Depuis Poznan, où se tiennent des négociations sur l’avenir de la Convention Climat de l’ONU, il réaffirme le message des scientifiques dans l’interview ci-dessous qu’il m’a accordée.

Alors que la plupart des gouvernements sont représentés à la Conférence de Poznan dans le cadre de la Convention climat de l’ONU quelles sont les dernières nouvelles de la recherche dans ce domaine ?

Jean-Pascal van Ypersele : Je n’ai rien lu ces trois dernières années dans les revues scientifiques spécialisées qui aille à l’encontre des conclusions majeures du dernier rapport du GIEC. C’est déjà un élément de réflexion important. Des articles complètent ce que nous avons écrit à propos de l’élévation du niveau des océans qui pourrait être bien supérieure aux chiffres du dernier rapport (60 cm au maximum d’ici 2100, et plus ensuite), en raison de phénomènes liés aux glaces de l’Antarctique et du Groënland.
Mais ce sont des travaux qui donnent encore lieu à des discussions entre spécialistes. Il faut les prendre avec prudence, même si la communauté concernée semble évoluer vers une alerte renforcée sur ce point. Des données sur la fonte de la banquise arctique qui a connu deux minima historiques en 2007 et 2008 à la fin de l’été en termes de surface couvertes sont un nouvel indice montrant que le changement climatique dépasse déjà nettement les fluctuations naturelles connues.
Du côté du Soleil, il semble marquer une petite pause dans le niveau bas de son cycle d’activité d’environ 11 ans.

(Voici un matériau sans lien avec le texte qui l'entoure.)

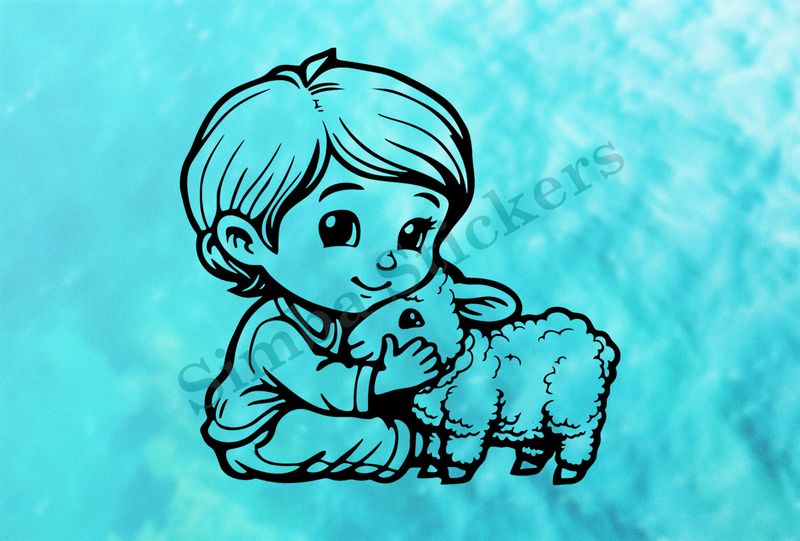 Lamb hugged by smiling little boy of Asian origin, outline art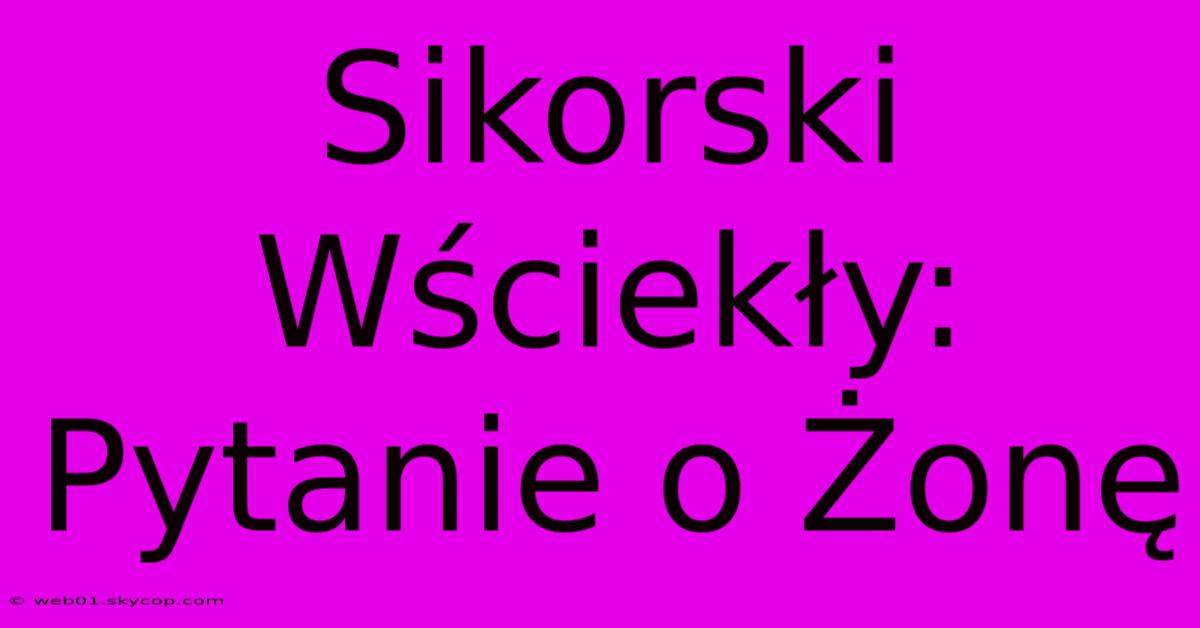 Sikorski Wściekły: Pytanie O Żonę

Des astrophysiciens russes ont avancé l’idée d’une baisse de l’activité solaire durant les prochaines vingt années qui pourrait ralentir le réchauffement provoqué par l’effet de serre renforcé par nos émissions. Je suis pour ma part assez sceptique devant cette théorie. Il est bien trop tôt pour tirer des conclusions de cette petite pause. Et surtout le Soleil n’est pas le facteur principal de l’évolution du climat aujourd’hui.

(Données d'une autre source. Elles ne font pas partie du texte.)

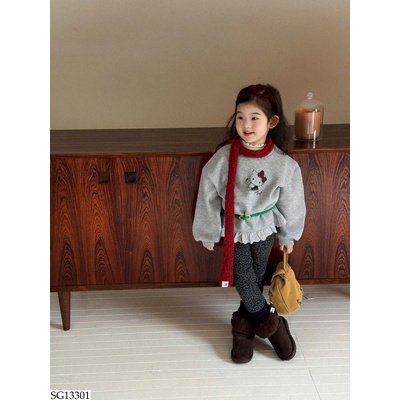 SG13301 SET ÁO NỈ XÁM PHỐI QUẦN DA BEO CHO BG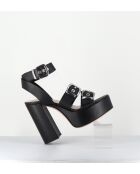 Schwarze Phile-Ledersandalen - 12,5 cm Absatz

Du côté des solutions, je note l’évolution des idées sur les agrocarburants. Le dernier rapport du Giec affirmait qu’il y avait là un potentiel de réduction des émissions de gaz à effet de serre, mais attirait l’attention sur leurs inconvénients, qui ont été confirmés par plusieurs études scientifiques. Elles montrent que la majorité des agrocarburants actuels, sauf la canne a sucre ou le jatropha (une herbe), n’ont qu’un potentiel médiocre de réduction des émissions quant on analyse l’ensemble de leur cycle de vie et, en outre, entrent bien souvent en conflit avec les impératifs de sécurité alimentaire.

Est-il apparu des données nouvelles qui pourraient faire espérer que les changements climatiques seront moins importants que ne le prévoient les simulations informatiques ?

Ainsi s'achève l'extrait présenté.